--- TASK INPUTS Enclosed Below ---
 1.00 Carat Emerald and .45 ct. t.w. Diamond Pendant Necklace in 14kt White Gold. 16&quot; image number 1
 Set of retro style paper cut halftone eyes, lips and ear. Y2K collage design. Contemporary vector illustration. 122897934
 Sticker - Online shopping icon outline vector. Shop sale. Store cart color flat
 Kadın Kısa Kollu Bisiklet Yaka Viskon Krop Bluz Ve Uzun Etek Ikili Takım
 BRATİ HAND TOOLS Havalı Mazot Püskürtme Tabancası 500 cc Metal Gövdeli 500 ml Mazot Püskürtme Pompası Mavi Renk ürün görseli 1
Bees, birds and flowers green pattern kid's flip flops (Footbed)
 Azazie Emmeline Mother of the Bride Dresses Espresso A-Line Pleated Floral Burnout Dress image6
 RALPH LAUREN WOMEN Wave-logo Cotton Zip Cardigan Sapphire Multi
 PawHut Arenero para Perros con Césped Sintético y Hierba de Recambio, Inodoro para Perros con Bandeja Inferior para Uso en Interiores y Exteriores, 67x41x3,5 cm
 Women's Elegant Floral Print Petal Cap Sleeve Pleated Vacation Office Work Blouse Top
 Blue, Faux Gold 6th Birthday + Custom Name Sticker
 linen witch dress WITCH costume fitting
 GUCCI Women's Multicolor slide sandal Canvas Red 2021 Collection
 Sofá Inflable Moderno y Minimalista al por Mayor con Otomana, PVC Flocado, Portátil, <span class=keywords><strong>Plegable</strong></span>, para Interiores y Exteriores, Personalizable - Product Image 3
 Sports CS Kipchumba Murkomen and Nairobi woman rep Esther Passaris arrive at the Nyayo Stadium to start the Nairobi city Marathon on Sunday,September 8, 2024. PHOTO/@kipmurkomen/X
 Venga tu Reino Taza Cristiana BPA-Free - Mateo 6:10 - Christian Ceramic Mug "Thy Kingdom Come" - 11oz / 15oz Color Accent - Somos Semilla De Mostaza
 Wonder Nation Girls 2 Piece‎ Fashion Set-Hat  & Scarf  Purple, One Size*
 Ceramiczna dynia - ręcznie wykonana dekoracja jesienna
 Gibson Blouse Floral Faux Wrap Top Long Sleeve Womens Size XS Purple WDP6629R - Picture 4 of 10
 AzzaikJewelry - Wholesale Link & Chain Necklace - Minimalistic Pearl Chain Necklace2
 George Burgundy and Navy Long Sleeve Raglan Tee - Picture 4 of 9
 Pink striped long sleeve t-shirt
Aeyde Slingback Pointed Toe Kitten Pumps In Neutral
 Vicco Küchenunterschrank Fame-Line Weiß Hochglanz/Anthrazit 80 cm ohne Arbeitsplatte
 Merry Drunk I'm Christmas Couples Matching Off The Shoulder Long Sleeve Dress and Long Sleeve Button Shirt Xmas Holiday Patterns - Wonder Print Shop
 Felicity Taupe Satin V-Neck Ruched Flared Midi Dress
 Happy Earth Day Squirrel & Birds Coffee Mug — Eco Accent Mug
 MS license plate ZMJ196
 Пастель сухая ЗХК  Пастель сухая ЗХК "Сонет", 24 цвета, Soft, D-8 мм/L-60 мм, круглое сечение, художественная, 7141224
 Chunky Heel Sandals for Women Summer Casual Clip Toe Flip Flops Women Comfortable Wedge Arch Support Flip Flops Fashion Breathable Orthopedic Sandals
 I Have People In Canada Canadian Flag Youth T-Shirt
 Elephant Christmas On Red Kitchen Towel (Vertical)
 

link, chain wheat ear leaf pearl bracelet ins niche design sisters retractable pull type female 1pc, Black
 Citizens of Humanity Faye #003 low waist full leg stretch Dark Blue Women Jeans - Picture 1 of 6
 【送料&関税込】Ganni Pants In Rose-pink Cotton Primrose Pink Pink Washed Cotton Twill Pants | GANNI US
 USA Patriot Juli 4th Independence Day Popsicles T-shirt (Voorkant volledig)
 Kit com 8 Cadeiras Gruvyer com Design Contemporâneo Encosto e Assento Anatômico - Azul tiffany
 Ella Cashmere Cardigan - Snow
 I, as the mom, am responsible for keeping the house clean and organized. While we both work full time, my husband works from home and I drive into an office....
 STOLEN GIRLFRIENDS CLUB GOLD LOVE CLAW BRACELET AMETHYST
--- End of Enclosed TASK INPUTS ---
Please output only the lines from the first line of the entries through the line with "GUCCI Women's Multicolor", both included, exactly as written.

== EXERCISE ANSWER ==
 1.00 Carat Emerald and .45 ct. t.w. Diamond Pendant Necklace in 14kt White Gold. 16&quot; image number 1
 Set of retro style paper cut halftone eyes, lips and ear. Y2K collage design. Contemporary vector illustration. 122897934
 Sticker - Online shopping icon outline vector. Shop sale. Store cart color flat
 Kadın Kısa Kollu Bisiklet Yaka Viskon Krop Bluz Ve Uzun Etek Ikili Takım
 BRATİ HAND TOOLS Havalı Mazot Püskürtme Tabancası 500 cc Metal Gövdeli 500 ml Mazot Püskürtme Pompası Mavi Renk ürün görseli 1
Bees, birds and flowers green pattern kid's flip flops (Footbed)
 Azazie Emmeline Mother of the Bride Dresses Espresso A-Line Pleated Floral Burnout Dress image6
 RALPH LAUREN WOMEN Wave-logo Cotton Zip Cardigan Sapphire Multi
 PawHut Arenero para Perros con Césped Sintético y Hierba de Recambio, Inodoro para Perros con Bandeja Inferior para Uso en Interiores y Exteriores, 67x41x3,5 cm
 Women's Elegant Floral Print Petal Cap Sleeve Pleated Vacation Office Work Blouse Top
 Blue, Faux Gold 6th Birthday + Custom Name Sticker
 linen witch dress WITCH costume fitting
 GUCCI Women's Multicolor slide sandal Canvas Red 2021 Collection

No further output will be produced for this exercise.